Provide the number of lines below that include "front", without any other words.

SUPPLIED ENTRIES:
-- Opening Marker --

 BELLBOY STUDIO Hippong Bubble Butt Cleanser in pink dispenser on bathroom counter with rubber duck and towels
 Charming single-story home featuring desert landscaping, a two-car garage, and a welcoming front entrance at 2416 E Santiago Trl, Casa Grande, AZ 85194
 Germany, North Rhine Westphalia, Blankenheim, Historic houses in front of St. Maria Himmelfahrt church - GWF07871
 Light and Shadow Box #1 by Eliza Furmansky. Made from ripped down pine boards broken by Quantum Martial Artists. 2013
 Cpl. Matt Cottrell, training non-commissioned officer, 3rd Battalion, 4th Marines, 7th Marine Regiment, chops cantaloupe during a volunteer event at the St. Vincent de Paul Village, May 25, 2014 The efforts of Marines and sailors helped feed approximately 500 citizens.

-- Closing Marker --
-- Opening Marker --

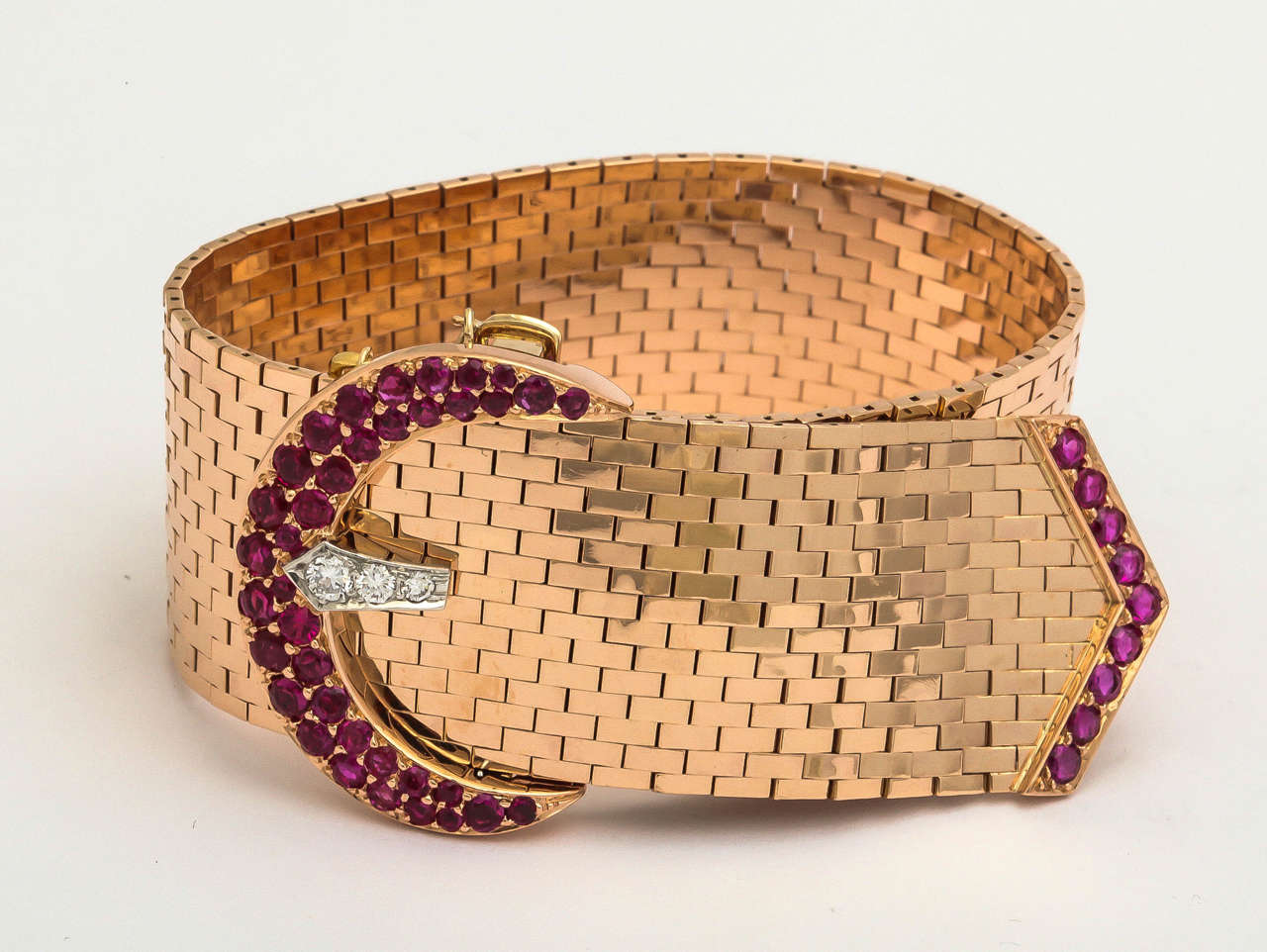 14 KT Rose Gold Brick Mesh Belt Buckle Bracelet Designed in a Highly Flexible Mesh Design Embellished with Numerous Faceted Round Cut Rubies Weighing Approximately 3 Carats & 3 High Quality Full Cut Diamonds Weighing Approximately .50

-- Closing Marker --

SOLVED PROBLEM: 2